JP1/Integrated Management - Manager 導入・設計ガイド
IM構成管理では,リモートの監視対象ホストから次に示すリモート監視のログ情報を収集できます。
- リモート監視ログファイルトラップ情報
- リモート監視イベントログトラップ情報(Windows限定)
なお,ログ情報は,前回取得分との差分だけを行単位で収集します。
- <この項の構成>
- (1) ログ情報を収集する仕組み
- (2) 収集できるログ情報とリモート監視の接続方法
- (3) 監視できるログ情報
- (4) ログ情報の監視間隔
- (5) 事前フィルター
- (6) 発生元ホストのマッピング
(1) ログ情報を収集する仕組み
リモート監視の認証管理およびリモート監視ログファイルトラップの機能が,IM構成管理の各機能およびJP1/Baseのログファイルトラップと連携して,リモートの監視対象ホスト上のSSH,WMI,NetBIOSからリモート監視ログ情報を収集します。
リモート監視のログ情報を収集するための機能の関係を,次の図に示します。
図6-41 リモート監視のログ情報を収集するための機能の関係
リモート監視のログ情報を収集するには,IM構成管理・ビューアーまたはリモート監視用のコマンドで設定した起動オプション文字列および動作定義の監視条件を基に,リモートの監視対象ホストに接続し,指定された監視間隔ごとにログファイルやイベントログの出力内容を収集して,JP1/Baseのログファイルトラップに渡します。
なお,起動オプション文字列は,IM構成管理・ビューアーまたはコマンドの起動オプションに設定された内容,およびリモート監視ログファイルトラップ起動定義ファイルまたはリモート監視イベントログトラップ動作定義ファイルの設定内容を使用します。また,動作定義はリモート監視ログファイルトラップ動作定義ファイル,およびリモート監視イベントログトラップ動作定義ファイルの設定内容を使用します。

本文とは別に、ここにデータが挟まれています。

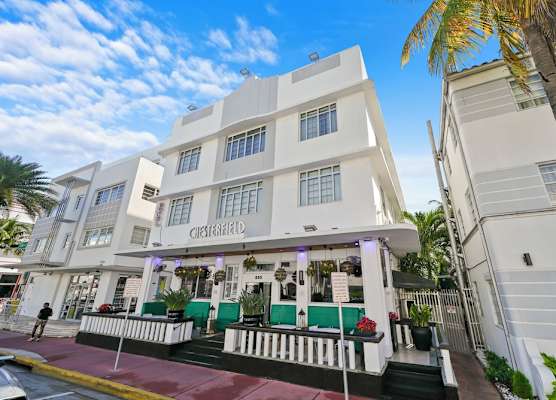 Chesterfield Hotel & Suites 1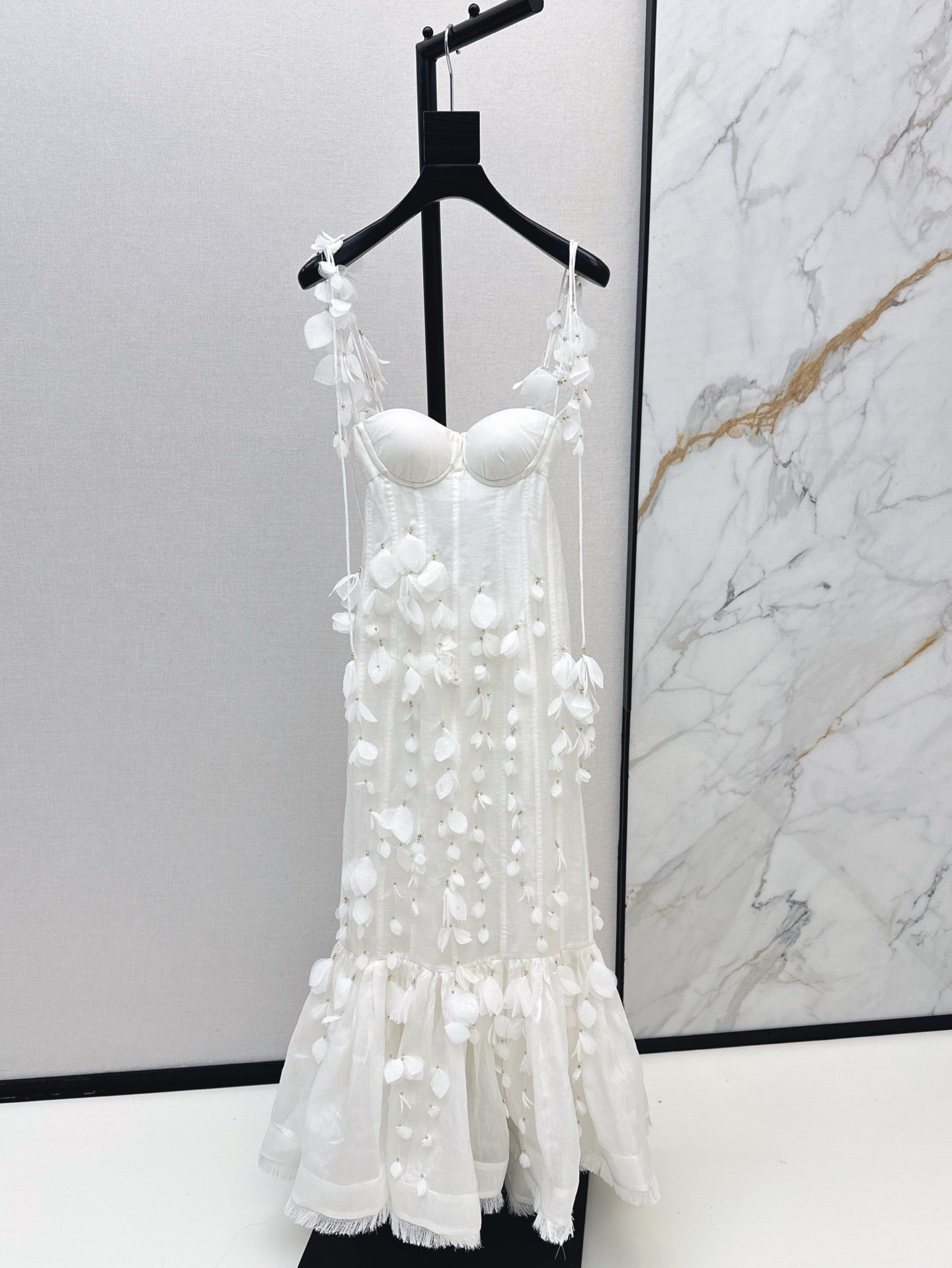 Zim* 25ss petal cami dress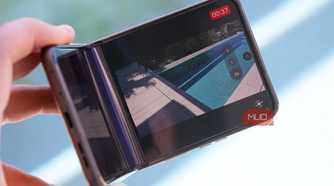 Tilt to zoom on the Razr 2026.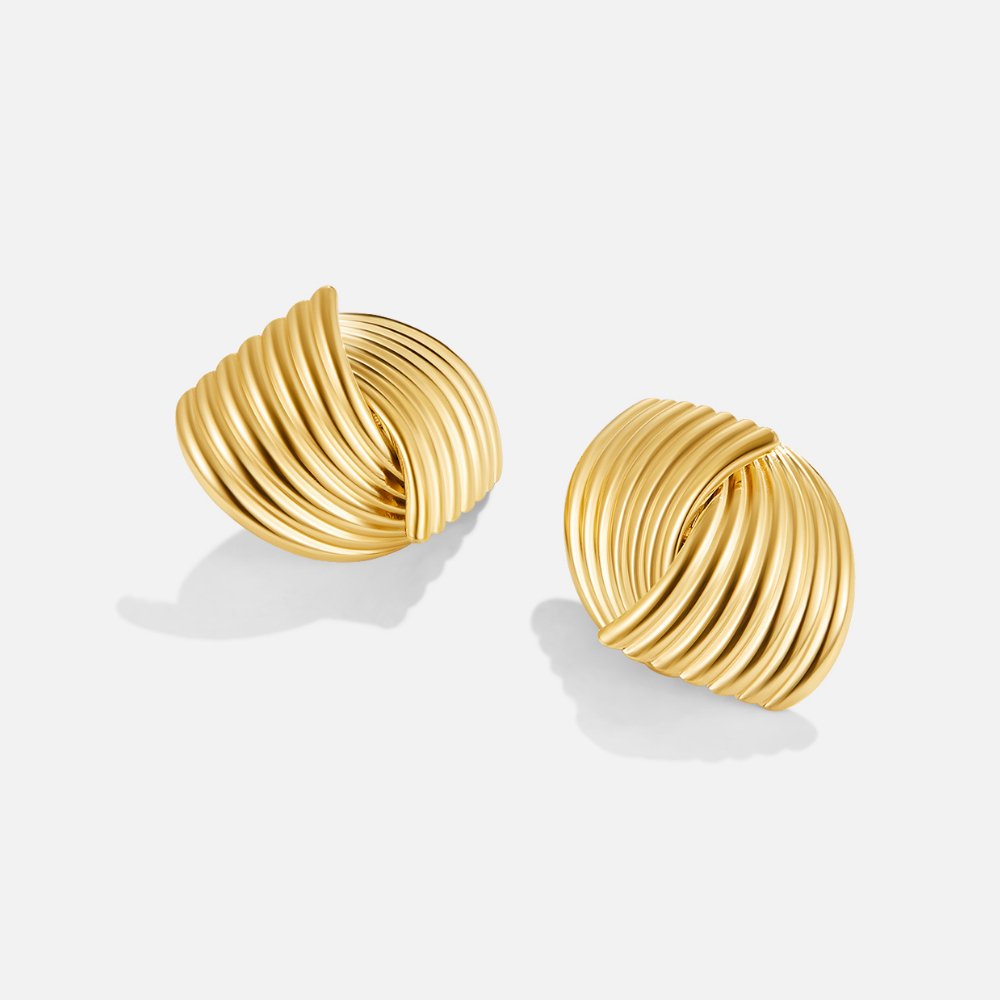 Anaïs – Boucles d'oreilles dorées avec structure en éventail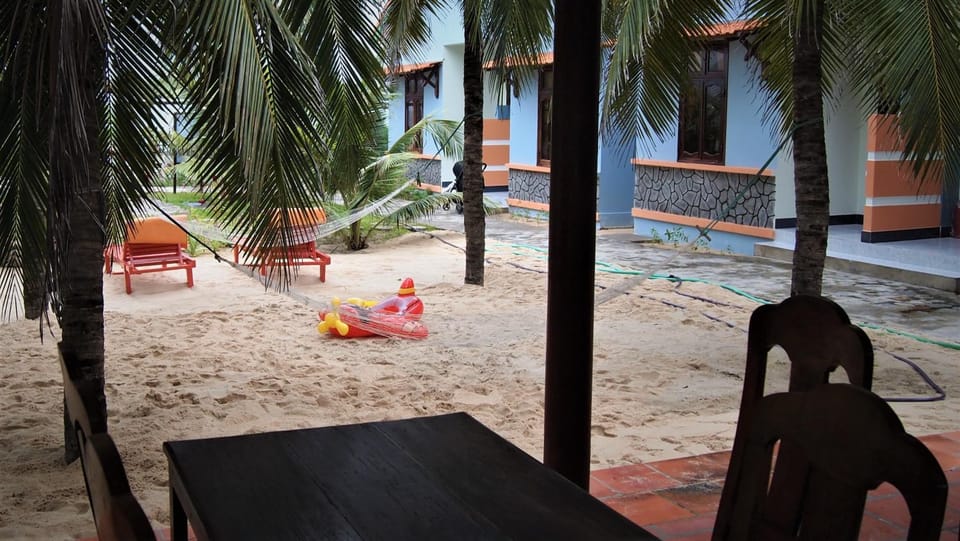 Property building, Food close-up, Lounge or bar, Garden view, Drinks, Non alcoholic drinks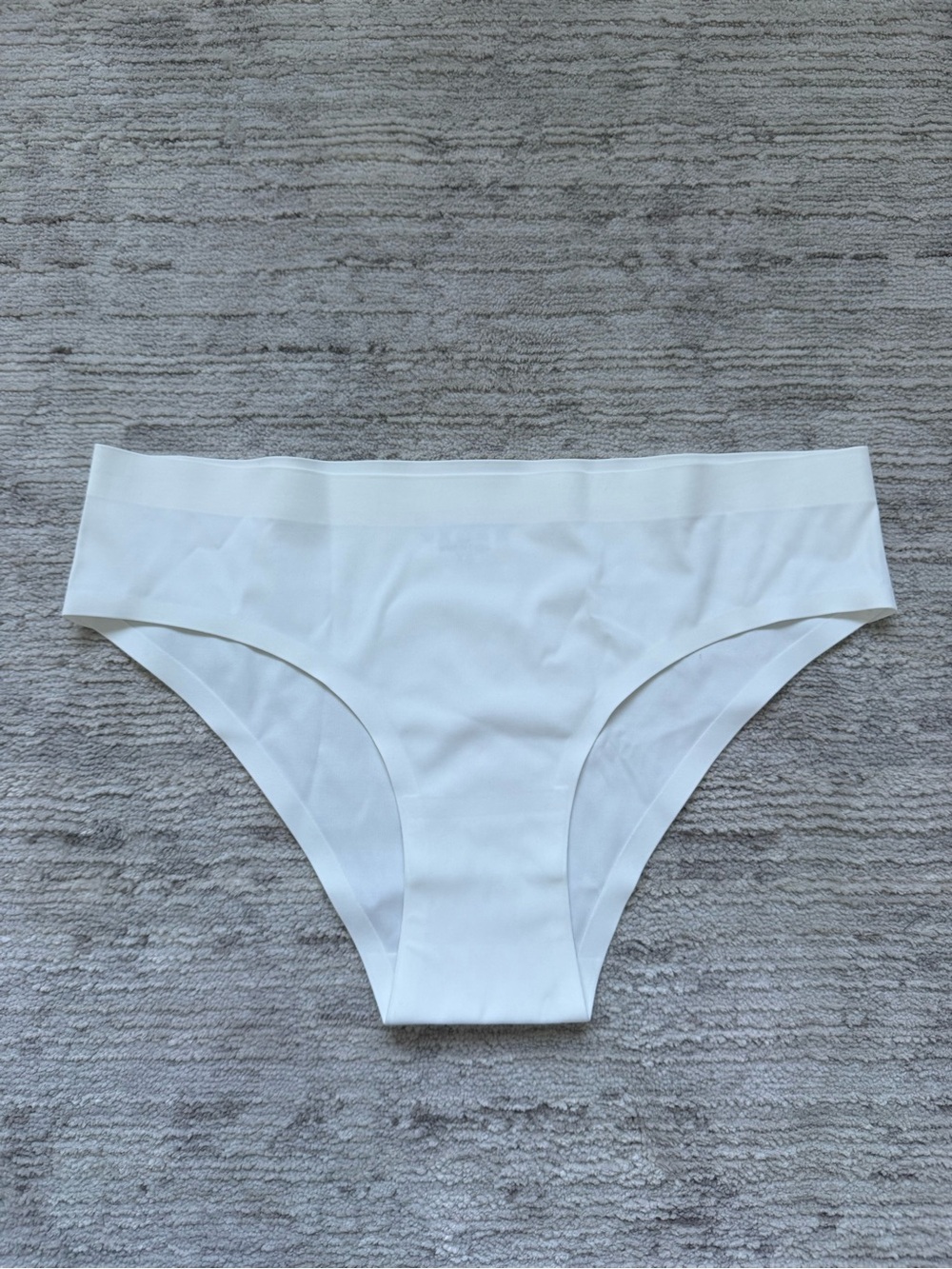 Everyday Seamless Bikini Panties in White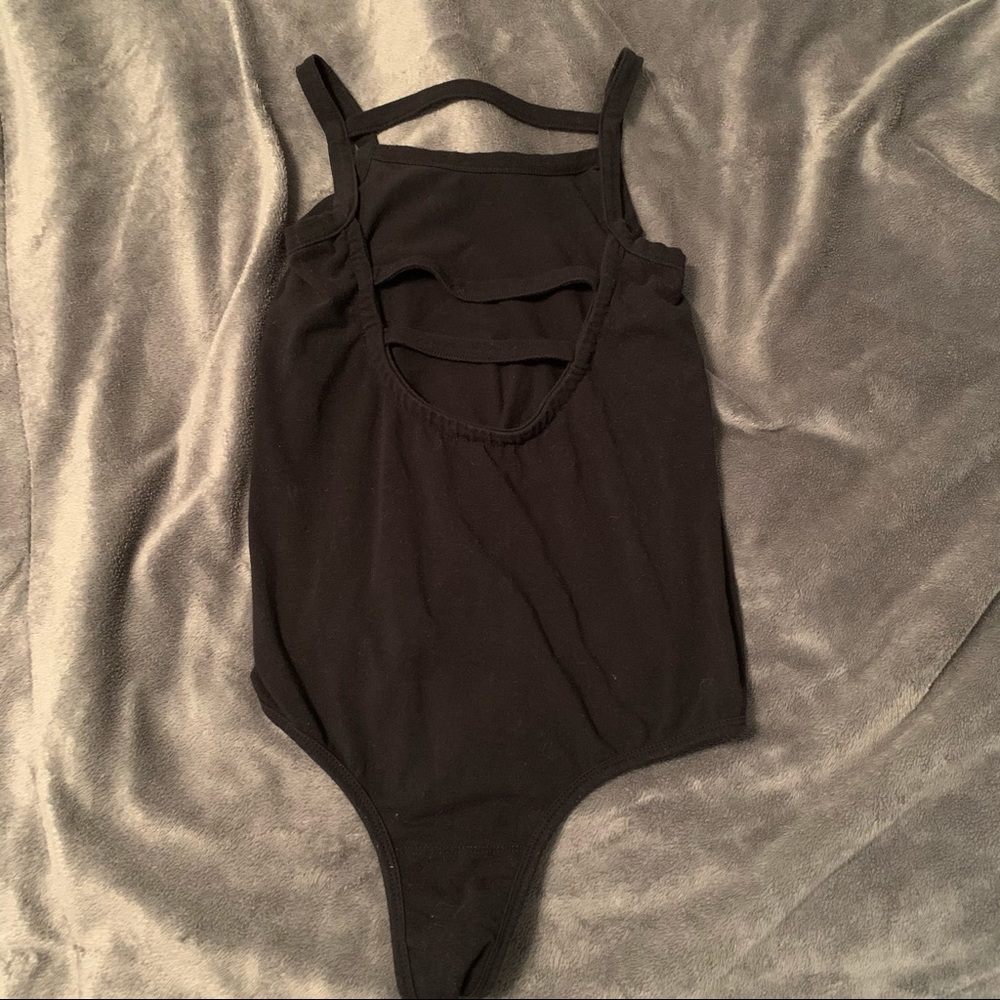 Black cutout bodysuit🖤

リモート監視ログファイルトラップの機能を使用する場合は,監視名を指定してください。リモート監視ログファイルトラップの監視名は,ほかの監視対象ホストのリモート監視ログファイルトラップやJP1/Baseのログファイルトラップに使用している監視名と同一の監視名を指定できますが,同じ監視対象ホストの場合,同一の監視名を指定できません。監視対象ホストに対して,ユニークな名称となるように設定してください。
- 参考
- リモートイベントログトラップ機能を使用する場合は,監視名を指定する必要はありません。ただし,JP1/Baseのログファイルトラップ機能で,内部的にDEFAULT0という監視名を使用しています。そのため,JP1/Baseのログファイルトラップ機能が出力するログのメッセージには,DEFAULT0という監視名が出力されます。
リモート監視のログ情報を収集する仕組みを次の図に示します。
図6-42 リモート監視のログ情報を収集する仕組み
この図について説明します。
- JP1/IM - Viewまたはリモート監視のコマンドで,事前フィルターを設定する。
事前フィルターについては,「(5) 事前フィルター」を参照してください。
- JP1/IM - Viewまたはリモート監視のコマンドで,起動オプション文字列および動作定義の監視条件を設定する。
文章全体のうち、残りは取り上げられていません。